Three of the TVs are dark in Wal-Mart's electronics department, where the only two clerks in sight stock a shelf and disappear. At a nearby Target, the digital camera desk is unmanned, and there's no staff roaming electronics. In Circuit City, a clerk concedes it's his first day on the job and first week in the country.
But over at Best Buy bby, three clerks staff the "Geek Squad" counter, and another hovers nearby, poised for questions, which he handles with ease.
A recent shopping trip with a sales training expert underscored the state of competition and service in retail electronics. Business at Best Buy, even in a weak economy, is thriving, thanks, experts say, to its emphasis on service. By contrast, its once-mighty rival Circuit City cc has fallen far, brought down by a reputation for lax customer service and aggressive competition from Best Buy, as well as mass merchants such as Wal-Mart wmt and Target tgt, online sites and office stores, including Staples spls.
"Across many industries, we've seen that the retailers that grow customer-service ratings the fastest have greater sales growth," says Chris Denove of J.D. Power and Associates. "Prices have come down dramatically on electronics items, and at the same time, the complexity of the products has increased. Expert advice is more important than ever."

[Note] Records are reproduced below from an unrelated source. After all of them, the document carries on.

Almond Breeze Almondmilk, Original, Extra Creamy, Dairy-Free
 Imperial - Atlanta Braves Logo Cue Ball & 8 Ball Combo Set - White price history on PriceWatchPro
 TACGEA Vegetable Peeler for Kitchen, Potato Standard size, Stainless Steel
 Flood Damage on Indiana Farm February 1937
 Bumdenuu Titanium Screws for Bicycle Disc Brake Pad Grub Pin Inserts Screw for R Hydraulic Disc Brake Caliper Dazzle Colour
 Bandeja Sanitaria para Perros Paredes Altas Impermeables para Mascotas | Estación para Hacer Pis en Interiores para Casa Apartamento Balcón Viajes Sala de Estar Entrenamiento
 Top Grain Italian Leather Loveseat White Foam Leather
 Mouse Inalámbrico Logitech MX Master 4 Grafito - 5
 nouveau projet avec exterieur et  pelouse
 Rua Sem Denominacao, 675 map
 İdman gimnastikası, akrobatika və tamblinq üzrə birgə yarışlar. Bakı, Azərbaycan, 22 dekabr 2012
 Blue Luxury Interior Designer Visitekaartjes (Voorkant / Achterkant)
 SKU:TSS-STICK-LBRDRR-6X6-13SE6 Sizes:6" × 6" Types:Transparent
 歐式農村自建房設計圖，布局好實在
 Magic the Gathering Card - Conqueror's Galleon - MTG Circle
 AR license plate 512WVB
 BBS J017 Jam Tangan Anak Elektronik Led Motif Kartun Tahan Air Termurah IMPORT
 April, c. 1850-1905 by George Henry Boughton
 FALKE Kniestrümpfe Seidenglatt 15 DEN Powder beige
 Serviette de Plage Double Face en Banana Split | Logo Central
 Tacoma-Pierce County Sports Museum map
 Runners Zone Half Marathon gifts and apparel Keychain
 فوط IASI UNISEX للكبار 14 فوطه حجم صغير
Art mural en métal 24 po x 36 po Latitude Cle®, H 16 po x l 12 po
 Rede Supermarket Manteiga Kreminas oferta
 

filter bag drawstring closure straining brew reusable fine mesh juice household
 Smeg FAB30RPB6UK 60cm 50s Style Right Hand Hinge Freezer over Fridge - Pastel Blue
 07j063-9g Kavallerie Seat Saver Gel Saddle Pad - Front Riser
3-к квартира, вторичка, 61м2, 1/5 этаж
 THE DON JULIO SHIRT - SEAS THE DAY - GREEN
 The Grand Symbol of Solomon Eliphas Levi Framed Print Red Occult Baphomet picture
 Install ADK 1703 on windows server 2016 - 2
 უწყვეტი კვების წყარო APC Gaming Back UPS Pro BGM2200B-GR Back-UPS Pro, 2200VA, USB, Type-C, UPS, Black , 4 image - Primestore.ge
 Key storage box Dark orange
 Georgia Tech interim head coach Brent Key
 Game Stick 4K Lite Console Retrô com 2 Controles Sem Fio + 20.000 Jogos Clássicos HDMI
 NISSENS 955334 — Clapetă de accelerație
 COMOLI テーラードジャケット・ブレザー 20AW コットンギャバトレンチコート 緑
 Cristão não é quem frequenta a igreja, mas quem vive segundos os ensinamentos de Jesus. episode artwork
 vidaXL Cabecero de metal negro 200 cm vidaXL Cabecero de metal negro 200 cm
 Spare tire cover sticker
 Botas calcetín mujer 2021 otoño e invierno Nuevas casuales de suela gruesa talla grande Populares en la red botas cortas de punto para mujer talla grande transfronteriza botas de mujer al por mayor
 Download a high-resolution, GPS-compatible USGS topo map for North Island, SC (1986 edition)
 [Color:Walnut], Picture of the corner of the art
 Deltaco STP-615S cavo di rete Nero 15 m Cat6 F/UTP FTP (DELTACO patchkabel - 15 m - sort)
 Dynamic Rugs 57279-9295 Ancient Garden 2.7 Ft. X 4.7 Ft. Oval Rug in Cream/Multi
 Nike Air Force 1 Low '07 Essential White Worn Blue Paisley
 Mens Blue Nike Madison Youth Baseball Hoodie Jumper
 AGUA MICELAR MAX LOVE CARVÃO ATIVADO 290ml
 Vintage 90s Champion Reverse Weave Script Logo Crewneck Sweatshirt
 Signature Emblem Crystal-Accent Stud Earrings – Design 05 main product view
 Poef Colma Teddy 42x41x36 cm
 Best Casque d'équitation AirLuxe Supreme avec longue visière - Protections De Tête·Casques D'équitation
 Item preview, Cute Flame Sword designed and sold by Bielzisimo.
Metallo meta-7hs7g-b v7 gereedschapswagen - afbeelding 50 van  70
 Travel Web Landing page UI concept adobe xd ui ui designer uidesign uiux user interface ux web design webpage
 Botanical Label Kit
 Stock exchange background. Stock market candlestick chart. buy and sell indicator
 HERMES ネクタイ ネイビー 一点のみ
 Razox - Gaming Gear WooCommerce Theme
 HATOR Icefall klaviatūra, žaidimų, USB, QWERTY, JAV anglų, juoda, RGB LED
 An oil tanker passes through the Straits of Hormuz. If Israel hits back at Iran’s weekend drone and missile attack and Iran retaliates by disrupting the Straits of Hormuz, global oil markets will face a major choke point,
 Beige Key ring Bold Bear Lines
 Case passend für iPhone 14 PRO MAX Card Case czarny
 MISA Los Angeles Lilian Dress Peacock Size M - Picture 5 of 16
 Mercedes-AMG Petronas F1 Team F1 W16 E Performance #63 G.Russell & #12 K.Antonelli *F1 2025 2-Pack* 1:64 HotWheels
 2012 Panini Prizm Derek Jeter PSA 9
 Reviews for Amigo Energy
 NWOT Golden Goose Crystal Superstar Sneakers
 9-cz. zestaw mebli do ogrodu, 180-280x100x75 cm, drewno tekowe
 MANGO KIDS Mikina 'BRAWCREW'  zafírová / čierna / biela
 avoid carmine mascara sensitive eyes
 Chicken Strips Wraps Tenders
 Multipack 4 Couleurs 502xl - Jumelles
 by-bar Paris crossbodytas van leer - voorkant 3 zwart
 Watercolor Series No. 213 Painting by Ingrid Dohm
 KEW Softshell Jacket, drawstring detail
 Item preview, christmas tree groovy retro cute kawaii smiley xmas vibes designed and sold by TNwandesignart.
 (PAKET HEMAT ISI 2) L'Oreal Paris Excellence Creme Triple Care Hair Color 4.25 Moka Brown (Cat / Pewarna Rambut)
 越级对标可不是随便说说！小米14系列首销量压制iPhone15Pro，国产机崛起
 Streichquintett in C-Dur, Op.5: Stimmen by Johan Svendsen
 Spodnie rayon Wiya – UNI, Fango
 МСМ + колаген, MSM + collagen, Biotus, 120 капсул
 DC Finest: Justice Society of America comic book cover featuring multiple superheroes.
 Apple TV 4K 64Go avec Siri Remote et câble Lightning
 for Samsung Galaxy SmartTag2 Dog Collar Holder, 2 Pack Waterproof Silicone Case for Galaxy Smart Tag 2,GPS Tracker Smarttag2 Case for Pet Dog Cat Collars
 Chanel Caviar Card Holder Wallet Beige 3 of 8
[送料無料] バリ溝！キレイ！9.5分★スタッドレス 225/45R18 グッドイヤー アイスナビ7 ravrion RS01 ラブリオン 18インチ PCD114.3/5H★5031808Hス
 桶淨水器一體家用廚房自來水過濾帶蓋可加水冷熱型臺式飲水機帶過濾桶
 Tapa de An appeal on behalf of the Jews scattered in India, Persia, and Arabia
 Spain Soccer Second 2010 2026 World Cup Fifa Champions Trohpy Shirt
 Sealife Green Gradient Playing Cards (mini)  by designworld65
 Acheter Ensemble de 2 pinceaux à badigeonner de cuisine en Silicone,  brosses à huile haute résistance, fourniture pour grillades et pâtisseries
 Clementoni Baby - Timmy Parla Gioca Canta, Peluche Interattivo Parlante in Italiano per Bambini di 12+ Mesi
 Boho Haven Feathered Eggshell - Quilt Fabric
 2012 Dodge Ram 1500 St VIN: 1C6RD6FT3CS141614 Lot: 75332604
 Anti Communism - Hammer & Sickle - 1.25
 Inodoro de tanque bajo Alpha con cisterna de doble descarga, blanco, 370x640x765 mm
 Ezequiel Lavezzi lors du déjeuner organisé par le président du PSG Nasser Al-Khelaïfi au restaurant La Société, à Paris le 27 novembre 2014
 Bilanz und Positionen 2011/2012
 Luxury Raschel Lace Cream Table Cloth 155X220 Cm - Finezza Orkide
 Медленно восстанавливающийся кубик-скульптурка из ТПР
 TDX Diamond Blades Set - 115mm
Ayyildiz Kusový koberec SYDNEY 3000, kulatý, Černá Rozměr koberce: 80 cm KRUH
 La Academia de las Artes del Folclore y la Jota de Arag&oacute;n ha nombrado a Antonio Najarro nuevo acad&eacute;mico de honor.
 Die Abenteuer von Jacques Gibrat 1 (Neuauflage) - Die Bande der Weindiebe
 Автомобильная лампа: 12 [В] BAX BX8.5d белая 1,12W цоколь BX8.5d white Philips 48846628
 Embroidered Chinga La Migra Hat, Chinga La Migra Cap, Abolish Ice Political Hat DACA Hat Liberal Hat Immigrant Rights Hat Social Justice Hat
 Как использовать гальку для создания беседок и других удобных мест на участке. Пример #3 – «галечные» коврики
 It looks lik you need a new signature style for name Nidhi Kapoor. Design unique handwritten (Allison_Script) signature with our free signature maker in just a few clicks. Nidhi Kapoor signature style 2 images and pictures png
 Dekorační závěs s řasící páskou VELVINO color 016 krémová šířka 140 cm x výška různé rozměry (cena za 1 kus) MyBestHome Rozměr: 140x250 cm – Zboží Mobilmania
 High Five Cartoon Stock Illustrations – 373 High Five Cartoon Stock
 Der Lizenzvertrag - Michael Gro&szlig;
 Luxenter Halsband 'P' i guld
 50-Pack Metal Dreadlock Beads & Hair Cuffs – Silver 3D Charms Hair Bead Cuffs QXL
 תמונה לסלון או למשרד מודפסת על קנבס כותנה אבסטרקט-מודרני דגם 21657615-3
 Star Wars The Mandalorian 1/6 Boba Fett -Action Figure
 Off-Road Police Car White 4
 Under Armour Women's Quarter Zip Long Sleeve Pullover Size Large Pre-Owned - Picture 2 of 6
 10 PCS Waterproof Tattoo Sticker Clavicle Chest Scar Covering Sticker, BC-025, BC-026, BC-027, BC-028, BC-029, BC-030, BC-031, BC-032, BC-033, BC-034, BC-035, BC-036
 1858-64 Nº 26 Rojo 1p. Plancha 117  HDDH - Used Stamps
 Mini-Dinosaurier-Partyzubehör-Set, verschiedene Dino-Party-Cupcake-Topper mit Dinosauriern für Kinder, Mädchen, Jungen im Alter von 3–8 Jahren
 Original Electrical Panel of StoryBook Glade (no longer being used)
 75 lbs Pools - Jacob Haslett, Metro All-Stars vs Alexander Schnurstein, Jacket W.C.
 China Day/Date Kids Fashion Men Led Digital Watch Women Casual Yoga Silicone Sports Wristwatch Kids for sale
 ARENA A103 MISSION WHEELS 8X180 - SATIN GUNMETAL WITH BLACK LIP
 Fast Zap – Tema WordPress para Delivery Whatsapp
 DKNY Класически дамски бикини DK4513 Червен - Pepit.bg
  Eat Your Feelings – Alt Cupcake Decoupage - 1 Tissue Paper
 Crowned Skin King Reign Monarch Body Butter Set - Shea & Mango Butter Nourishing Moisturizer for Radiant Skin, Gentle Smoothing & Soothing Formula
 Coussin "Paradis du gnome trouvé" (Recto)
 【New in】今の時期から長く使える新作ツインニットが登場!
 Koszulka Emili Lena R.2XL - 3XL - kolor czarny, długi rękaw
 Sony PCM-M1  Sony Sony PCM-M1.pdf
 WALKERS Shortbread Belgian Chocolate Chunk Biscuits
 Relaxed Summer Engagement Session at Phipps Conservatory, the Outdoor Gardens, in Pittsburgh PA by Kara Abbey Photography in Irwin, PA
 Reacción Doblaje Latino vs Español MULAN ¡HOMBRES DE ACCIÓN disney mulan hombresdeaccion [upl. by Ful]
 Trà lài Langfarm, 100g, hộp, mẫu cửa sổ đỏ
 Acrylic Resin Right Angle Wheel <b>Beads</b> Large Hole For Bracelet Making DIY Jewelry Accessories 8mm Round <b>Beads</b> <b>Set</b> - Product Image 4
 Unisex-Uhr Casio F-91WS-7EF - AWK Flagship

Circuit City's struggles could serve as a case study in the critical role of customer service in the retail industry, especially electronics. Last year, Circuit City laid off thousands of its best-paid and most knowledgeable sales staffers, only to see many of them snatched up by Best Buy. And since March, Circuit City's answer to Best Buy's popular Geek Squad tech-help team — called Firedog — has laid off up to 200 people. And its cable TV-installation unit has shut down.
Earlier this month, Blockbuster bbi dropped plans to buy Circuit City after studying its finances. Circuit City has said little about its plans other than to say it is exploring "strategic alternatives" to increase shareholder value.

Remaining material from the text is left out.